-- REQUIREMENT --
Beginning with the line that contains "Bhati is a hard" and ending with the line that contains "Our third system", reproduce the lines of the entries below exactly, omitting pictures.

-- SOURCE DATA --
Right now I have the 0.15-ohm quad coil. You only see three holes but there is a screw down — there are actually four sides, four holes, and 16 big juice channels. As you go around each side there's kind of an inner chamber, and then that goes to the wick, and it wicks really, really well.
...
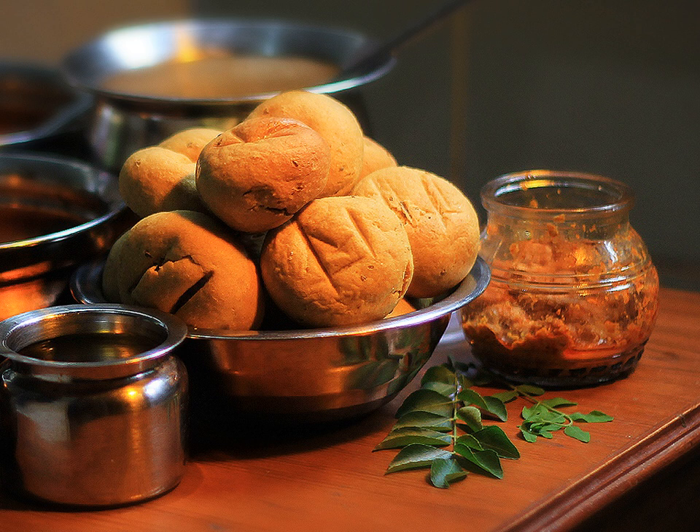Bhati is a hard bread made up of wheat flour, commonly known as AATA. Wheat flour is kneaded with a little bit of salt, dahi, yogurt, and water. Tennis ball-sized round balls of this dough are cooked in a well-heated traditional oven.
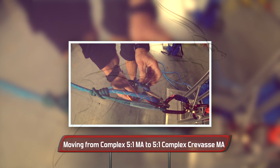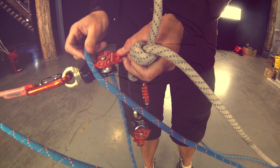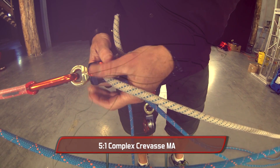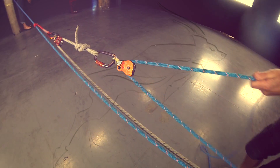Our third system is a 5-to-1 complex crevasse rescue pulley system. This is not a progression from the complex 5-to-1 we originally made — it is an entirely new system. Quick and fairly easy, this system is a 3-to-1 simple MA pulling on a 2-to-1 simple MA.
--
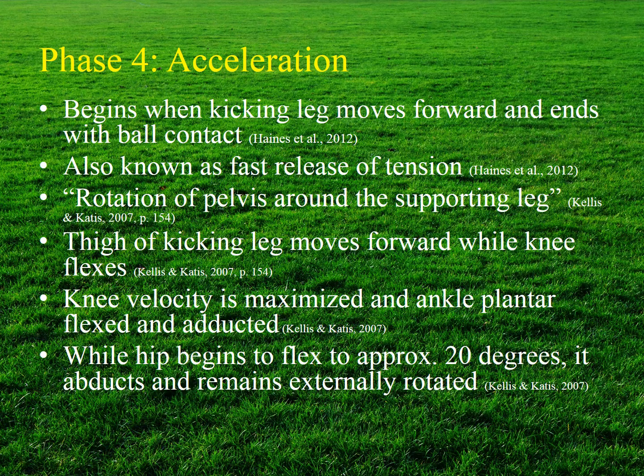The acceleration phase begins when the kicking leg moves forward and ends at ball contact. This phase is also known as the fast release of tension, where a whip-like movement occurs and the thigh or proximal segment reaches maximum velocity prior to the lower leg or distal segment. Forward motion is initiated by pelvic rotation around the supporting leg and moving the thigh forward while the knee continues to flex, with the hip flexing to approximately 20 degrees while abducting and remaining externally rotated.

-- SOLUTION FOR THIS EXERCISE --
Bhati is a hard bread made up of wheat flour, commonly known as AATA. Wheat flour is kneaded with a little bit of salt, dahi, yogurt, and water. Tennis ball-sized round balls of this dough are cooked in a well-heated traditional oven.
Our third system is a 5-to-1 complex crevasse rescue pulley system. This is not a progression from the complex 5-to-1 we originally made — it is an entirely new system. Quick and fairly easy, this system is a 3-to-1 simple MA pulling on a 2-to-1 simple MA.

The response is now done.